出来るだけ参加者には発表をしてもらうことが大事だと思っています。聞きに来るだけではなく、発表をしてもらうことで、その人は他の人に認知され、関係も深くなります。発表する機会をできるだけ与えることが大事です。ただ、全ての人が1時間の講演をできるわけではありません。学生や研究者以外の方のために、10分ほどのショートトークセッション(TED形式)を組み合わせた会を設けるなどして、講演の敷居を下げる努力も必要です。多くの人に真の意味での参加をしてもらうと良いです。
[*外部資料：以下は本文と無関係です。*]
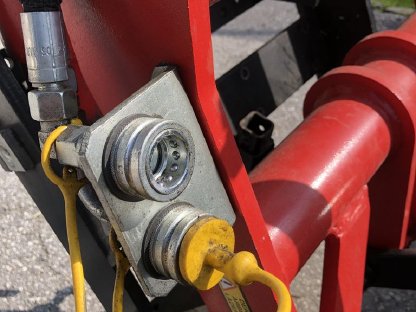 Bild 9:3-Punkt-Hecklader Big Lift M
4.参加者の制限をしない 研究者のみでなく、誰でも参加可能としたことが成功した鍵でした。もちろん、これには都市にいる日本人の数にもよるのですが、可能な範囲で門戸を広げた方が盛り上がる会になるかと思います。

5.継続が大事

開始当初はそれほど集まらないものです。しかし、そこで諦めずに継続的に運営を行なうと、人が人を呼んで行きます。渡米する若者もホームページなどで会を見つけて入ってきてくれます。継続が大事な鍵だと思います。

6.地域の日本人社会を支える立場を目指す 日本人研究者のコミュニティーというだけでなく、地域の日本人会と一緒に活動するなどして、地域の日本人社会を支える立場になると良いと思います。それができると研究者には普段は接することができないものも見えてきて、お互いにとって素晴らしいと感じています。


最後に、読者のみなさんの留学生活やキャリアパスがより実りあるものとなるよう祈りつつ、終わりにさせてもらいたいと思います。最後まで読んで頂き誠にありがとうございました。


謝辞

アトランタでの会の設立・運営にご尽力してくださったエモリー大学の平野雅之先生・斧正一郎先生・小野原大介先生、アラバマの会の設立・運営にご尽力してくださった原田秀子先生・三枝孝充先生・外村宗達先生(アラバマ大学バーミンガム校)に感謝をいたします。また、2つの会を支えてきてくれた多くの方に改めて感謝致します。